= Anna Göransdotter =

Swedish artist (1797–1867)

Anna Göransdotter (1797–1867) was a Swedish textile artist.

She lived in the Föllinge parish in Jämtland. She belonged to the peasantry, appears not to have been married, and lived on various farms in the parish, often with her brother. The documentation of the parish vicar, who regularly interrogated the parishioners in their religious knowledge, noted that she was sickly but also "intelligent with good sense and well capable of reading and writing".

She was officially registered as a seamstress. She is known for her embroidery illustrations on textile, which often depicted naturalistic wedding stories with blue thread on white textile or (more seldom) with red and yellow thread. Stories of this kind were uncommon among the peasant art of the 19th century in Sweden. The majority of her work is from the 1840s, but there are examples from before and after that as well. Uncommonly for a woman artist from the peasantry, she signed her own work.
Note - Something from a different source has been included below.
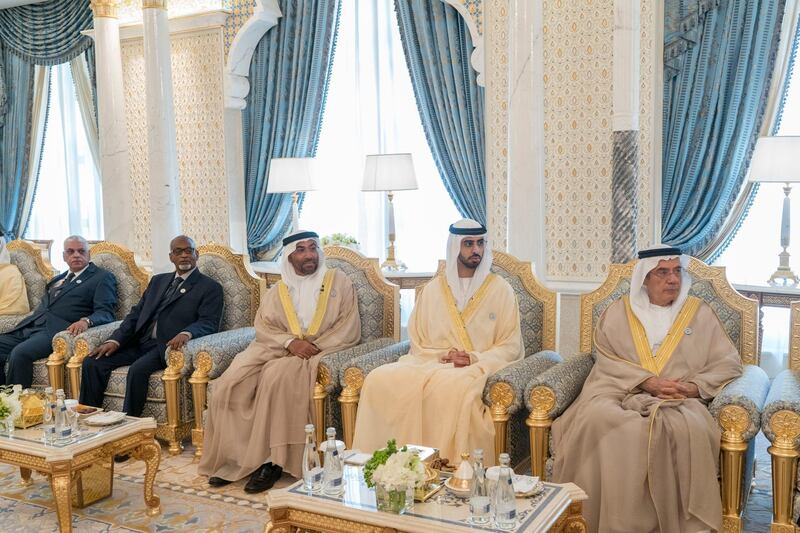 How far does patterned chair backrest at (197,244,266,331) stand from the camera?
18.4ft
While there had always been professionally women textile artists in the Swedish peasantry, they are seldom identified, because most of them did not sign their work and are remembered only through oral tradition which was written down in the 19th century, such as Elna Jonsdotter of Blekinge, "Mrs Ådal" of Asarum, Brita Carlsdotter Rudolphi (1813–1887), Brita-Kajsa Karlsdotter (1816–1915) and Anna Göransdotter.